First Person is also a platform to influence policy. Recent high school graduate Anisah Karim described the pressure she felt to apply to 100 colleges in the quest for millions of dollars in scholarships. Because of her piece, the school board in Memphis is reviewing the so-called “million-dollar scholar” culture at some high schools.

Do you have a story to tell or a point to make? In 2018, we want to give an even greater voice to students, parents, teachers, administrators, advocates and others who are trying to improve public education in Tennessee.
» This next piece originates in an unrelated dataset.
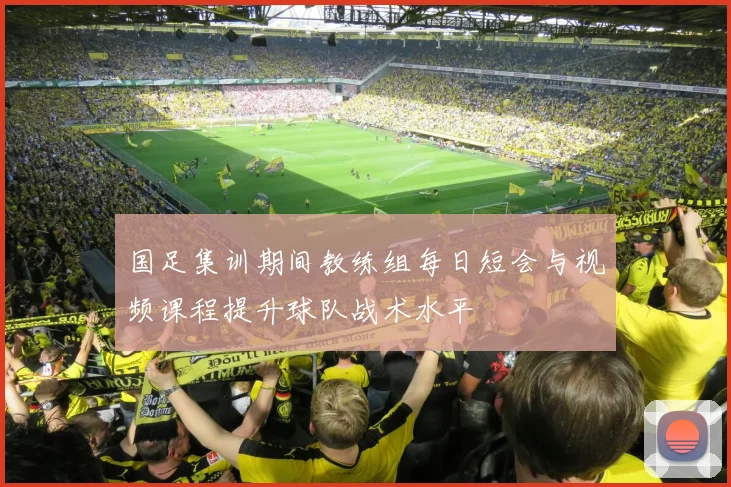 国足集训期间教练组每日短会与视频课程提升球队战术水平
We’re looking for essays of 500 to 750 words grounded in personal experience.

Whether your piece is finished or you just have an idea to discuss, drop a line to Community Editor Caroline Bauman at cbauman@chalkbeat.org.

But first, check out these top First Person pieces from Tennesseans in 2017:

My high school told me to apply to 100 colleges — and I almost lost myself in the process

“A counselor never tried to determine what the absolute best school for me would be. I wasted a lot of time, money and resources trying to figure that out. And I almost lost myself in the process.” —Anisah Karim     

Why I’m not anxious about where my kids go to school — but do worry about the segregation that surrounds us

“In fact, it will be a good thing for my boys to learn alongside children who are different from them in many ways — that is one advantage they will have that I did not, attending parochial schools in a lily-white suburb.” —Mary Jo Cramb

I covered Tennessee’s ed beat for Chalkbeat. Here’s what I learned.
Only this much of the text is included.